WHAT NEEDS TO BE DONE:
A faithful copy of every record is needed here. Images must not appear in it.

Brief descriptive captions:
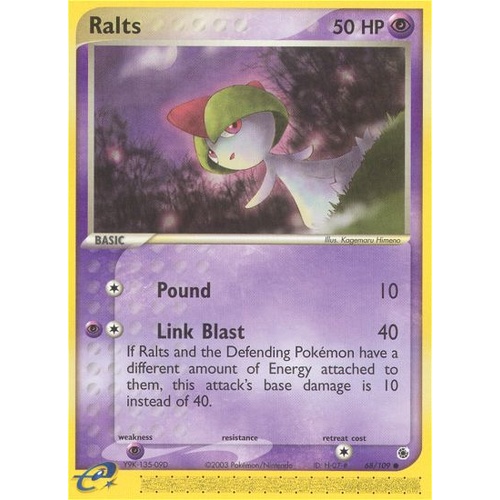 Ralts 68/109 EX Ruby and Sapphire Common Pokemon Card NEAR MINT TCG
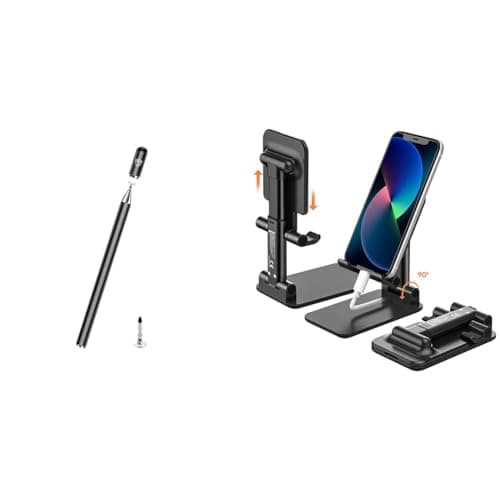 Tukzer 2-in-1 Capacitive Stylus Pen V2.0, Precise Stylus -Fine Point Disc Tip & Micro-Knit Hybrid Fi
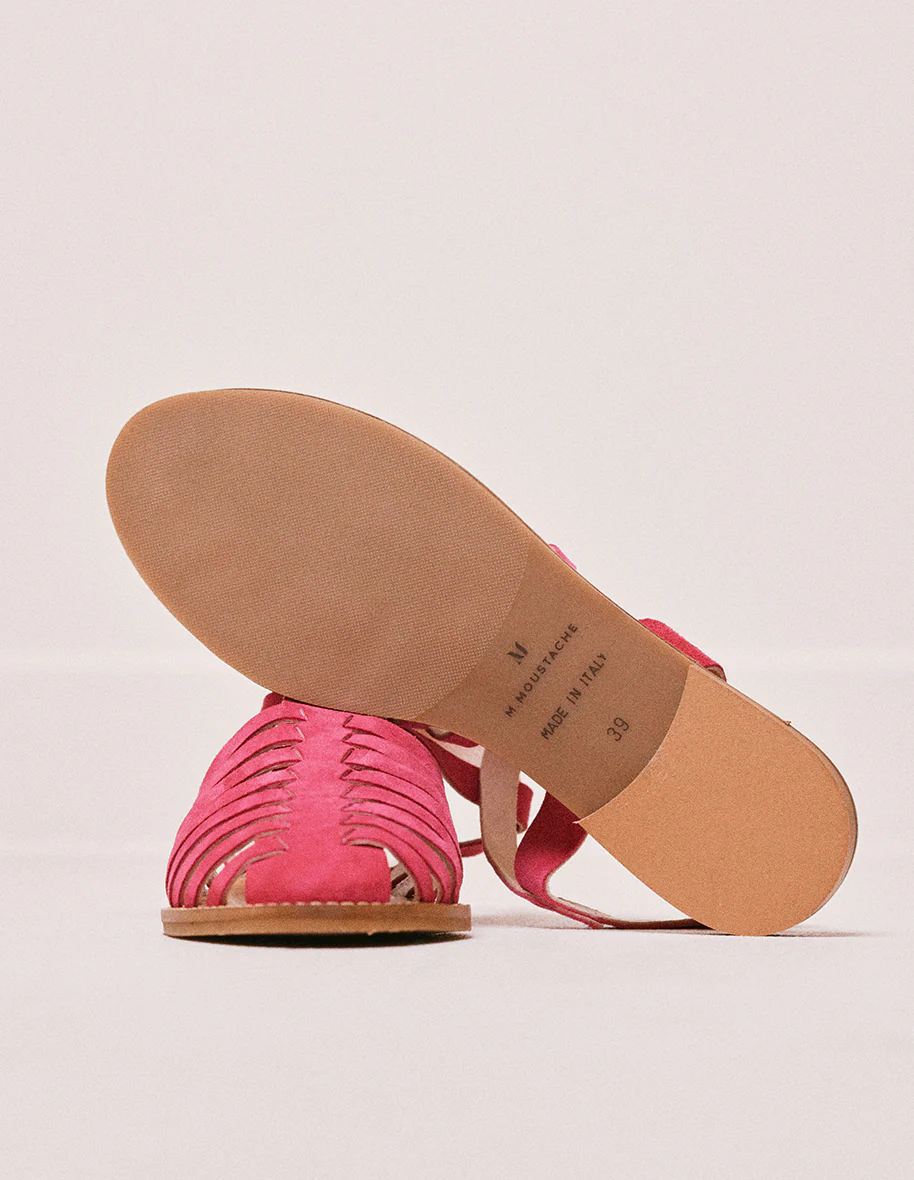 Sandales Cécile - Suède fuchsia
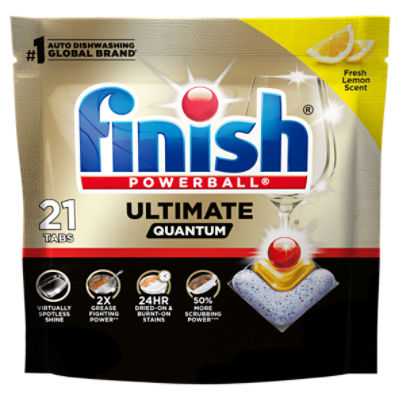 Finish Quantum Powerball Ultimate Fresh Lemon Scent Dishwasher Detergent, 21 count, 8.5 oz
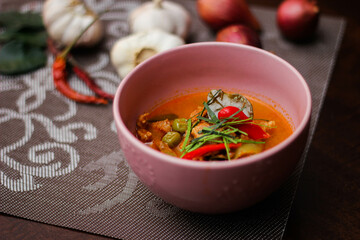 Panang Curry With Pork. Thai food that is popular among families and is a popular street food food that Thai people like.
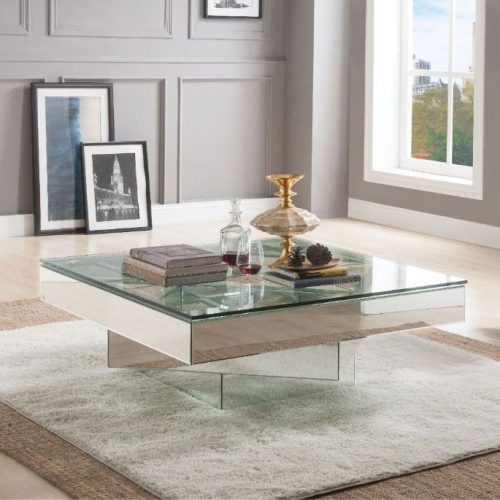 Meria Coffee Table in Mirror & Tempered Glass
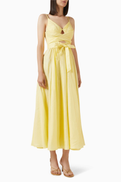 Zimmermann Awaken Knot-front Dress in Linen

EXERCISE SOLUTION:
 Ralts 68/109 EX Ruby and Sapphire Common Pokemon Card NEAR MINT TCG
 Tukzer 2-in-1 Capacitive Stylus Pen V2.0, Precise Stylus -Fine Point Disc Tip & Micro-Knit Hybrid Fi
 Sandales Cécile - Suède fuchsia
 Finish Quantum Powerball Ultimate Fresh Lemon Scent Dishwasher Detergent, 21 count, 8.5 oz
 Panang Curry With Pork. Thai food that is popular among families and is a popular street food food that Thai people like.
 Meria Coffee Table in Mirror & Tempered Glass
 Zimmermann Awaken Knot-front Dress in Linen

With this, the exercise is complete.